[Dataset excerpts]
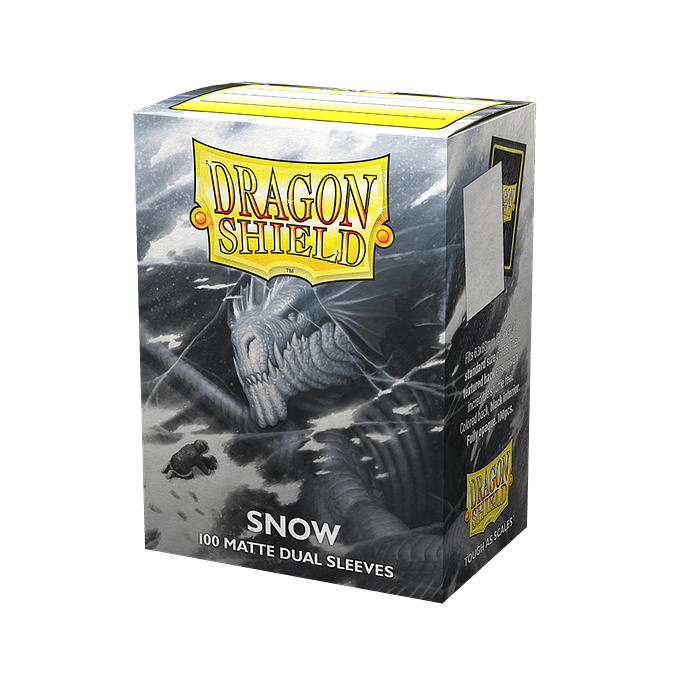 Protectores Dragon Shield Dual Matte - Snow (x100) 1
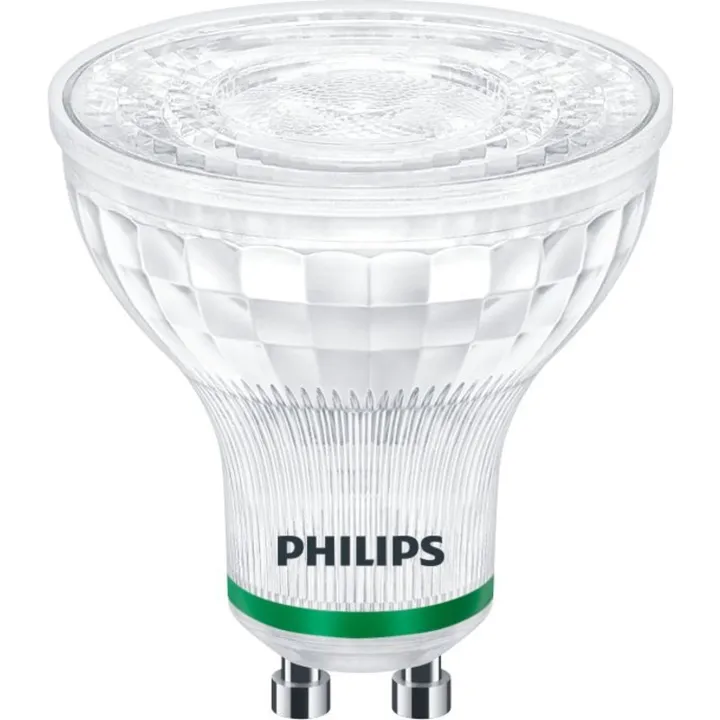 Philips Master Ultra Efficient GU10 spotpære, 3000K, 2,4W – pære — produktfoto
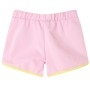 Pantaloncini da Bambina con Bordi Rosa Brillante 128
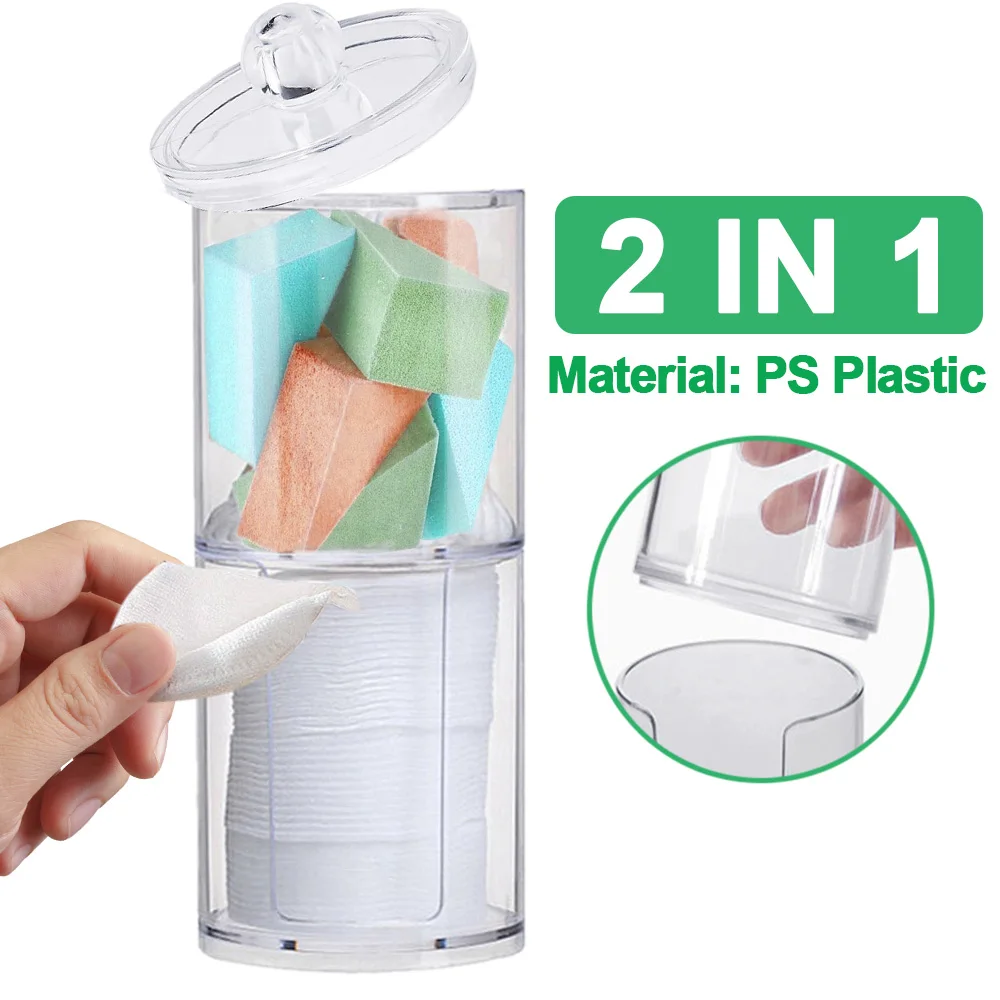 Коробка для хранения акриловая многофункциональная круглая коробка Контейнер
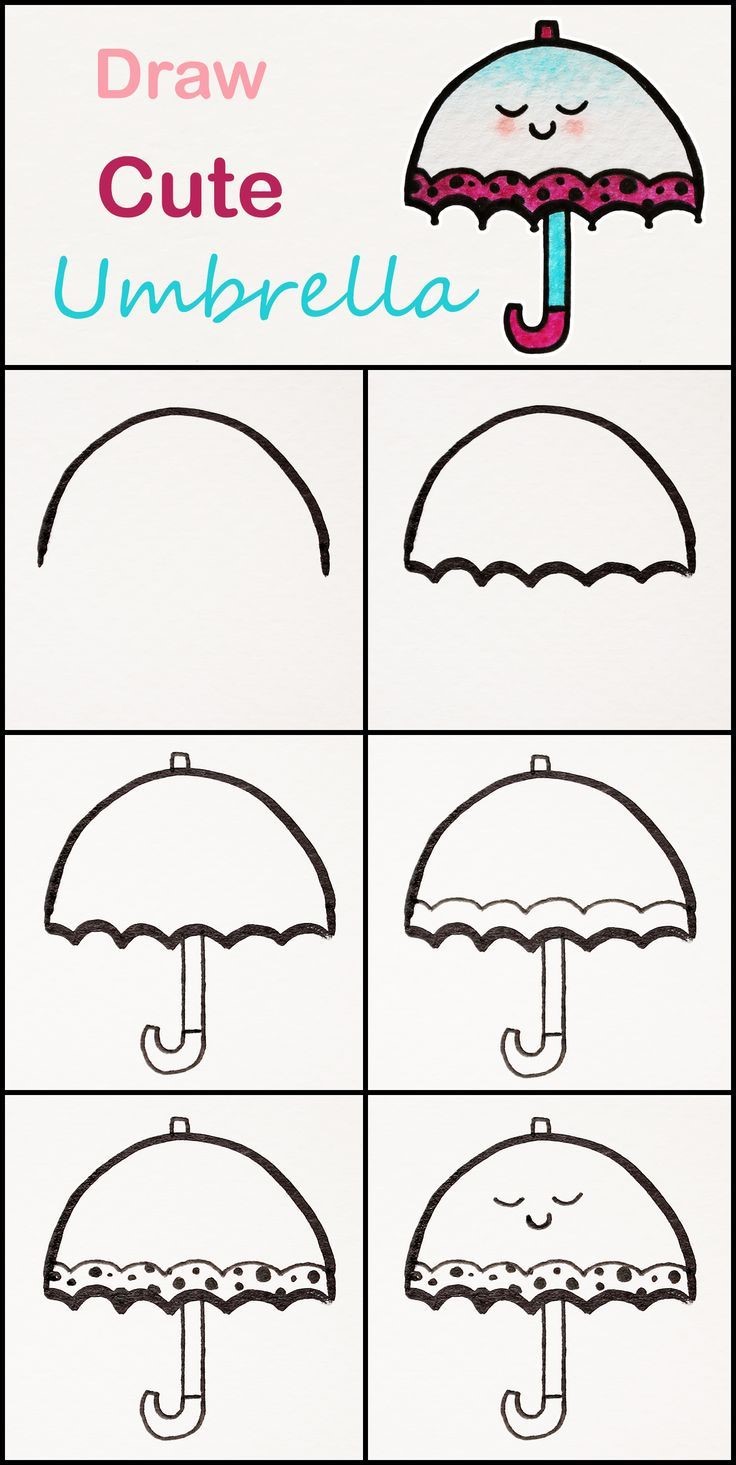 Desenhos de Sorriso de guarda-chuva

## WHAT NEEDS TO BE DONE
In the answer, give only the lines from the one containing "Коробка для хранения" through the end of the records above, each reproduced exactly. Include no pictures.

## EXERCISE ANSWER
 Коробка для хранения акриловая многофункциональная круглая коробка Контейнер
 Desenhos de Sorriso de guarda-chuva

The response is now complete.